Kritik: Unter Freunden (2015)

Kritiker-Bewertung: unterirdischschlechtmittelmässiggutweltklasse 2 / 5

"Unter Freunden" ist eine leichtgewichtige Komödie aus Frankreich mit stereotyp gezeichnetem Personal. Zuweilen ist ein wehmutsvoller Beiklang zu vernehmen, doch die Komik dominiert – auch dann noch, wenn in der zweiten Filmhälfte ein Katastrophenszenario entworfen wird und die Figuren in Seenot geraten. Weder das Drehbuch von Éric Besnard und Richard Grandpierre noch dessen Umsetzung von Olivier Baroux ("Fasten auf Italienisch") können vollauf überzeugen. Der Humor wirkt streckenweise zu forciert; den Beteiligten der Segelfahrt wird kaum persönliche Entwicklung zugestanden – und die Darstellung des Sturmes auf dem Mittelmeer erzeugt in ihrer Künstlichkeit nur wenig Spannung.

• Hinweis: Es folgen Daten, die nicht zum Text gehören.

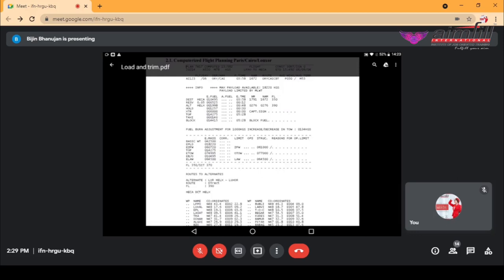That is for the block fuel — those are the fuel details. Next we will be going to the load sheet part, that is the weight section. Basic weight is 42,500 — that is the dry operating weight of the aircraft. Then we will have expected payload, that is about 18,220 kgs. The estimate zero fuel weight is 60,720 kgs, and the maximum zero fuel weight is 61,000 kgs — so we have about 280 kgs difference, meaning you can uplift another 280 kgs of payload.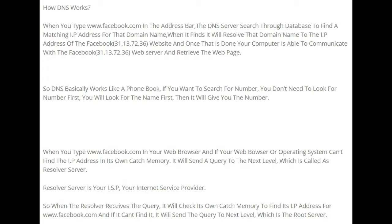DNS basically works like a phone book. If you want to find a number, you look up the name first, then it gives you the number. When you type www.facebook.com and your web browser or operating system can't find the IP address in its own cache memory, it will send a query to the next level, called a resolver server.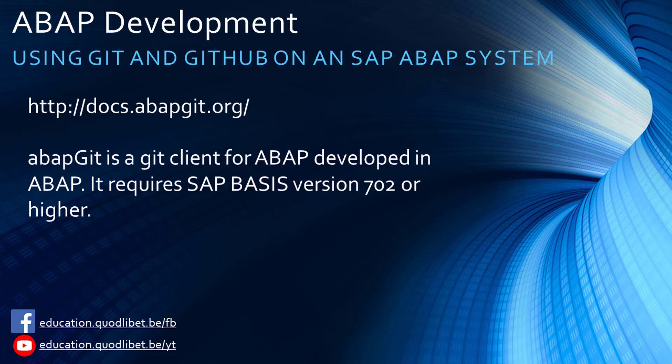In this video we will learn how to use Git as a source or version control system for ABAP systems. We will be able to import GitHub projects into our SAP ABAP systems and store or commit our ABAP code directly to GitHub projects. So how do we do this?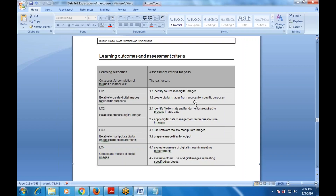In manipulation, two tasks are assigned: use software tools to manipulate images, and prepare image files for output. Under the use of digital images, learners evaluate their own use of digital images in meeting requirements, and evaluate other uses of digital images for specific purposes.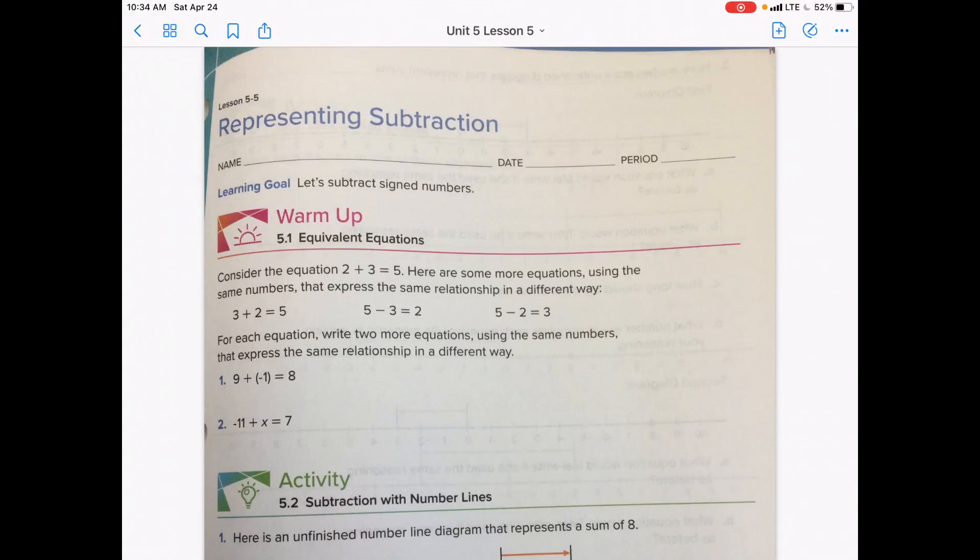Welcome to Unit 5, Lesson 5: Representing Subtraction. We are going to start today by completing the warm-up.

Der Film erzählt von den Krisen des Älterwerdens, von Ego- und Beziehungsproblemen sowie, vor allem, von den Schwierigkeiten langjähriger Freundschaft. Er gewinnt aus diesen oft behandelten, aber dennoch durchaus reizvollen Themen leider äußerst selten originelle Ideen; überwiegend erschöpft er sich in Allgemeinplätzen. Wenn die harmloseren Konflikte – etwa die Verteilung der unterschiedlich großen Kajüten – in massivere Auseinandersetzungen übergehen und dabei die Fassade des bürgerlichen Glücks abblättert, kommt es vereinzelt zu interessanten Momenten, denen allerdings die satirische Schärfe fehlt. Letztlich läuft alles auf eine abenteuerliche Bewährungsprobe der Verhältnisse hinaus, deren Verlauf stets vorhersehbar bleibt.

Die größtenteils versierten Schauspielerinnen und Schauspieler bieten die Wortgefechte ihrer Rollen lustvoll dar, können den allzu klar festgelegten Typen (von der Frohnatur bis zur Zicke, vom Prahler bis zum Softie) allerdings nur in geringem Maße etwas Nennenswert-Beachtliches abtrotzen. Neben Daniel Auteuil, der als angeberischer Erfolgsmensch gegen Ende einen recht furiosen emotionalen Ausbruch vollführt, schlägt sich Mélanie Doutey noch am besten, da sie die Mischung aus Tollpatschigkeit und Klugheit, die ihr Part als jüngstes Mitglied der Reisetruppe erfordert, mit Würde bewerkstelligt.

Fazit: Der Ensemblefilm von Olivier Baroux vermag durch seinen gewollten Witz und seine schematisch konzipierten Figuren nur bedingt zu unterhalten. Die Schauspielleistungen sind indes solide.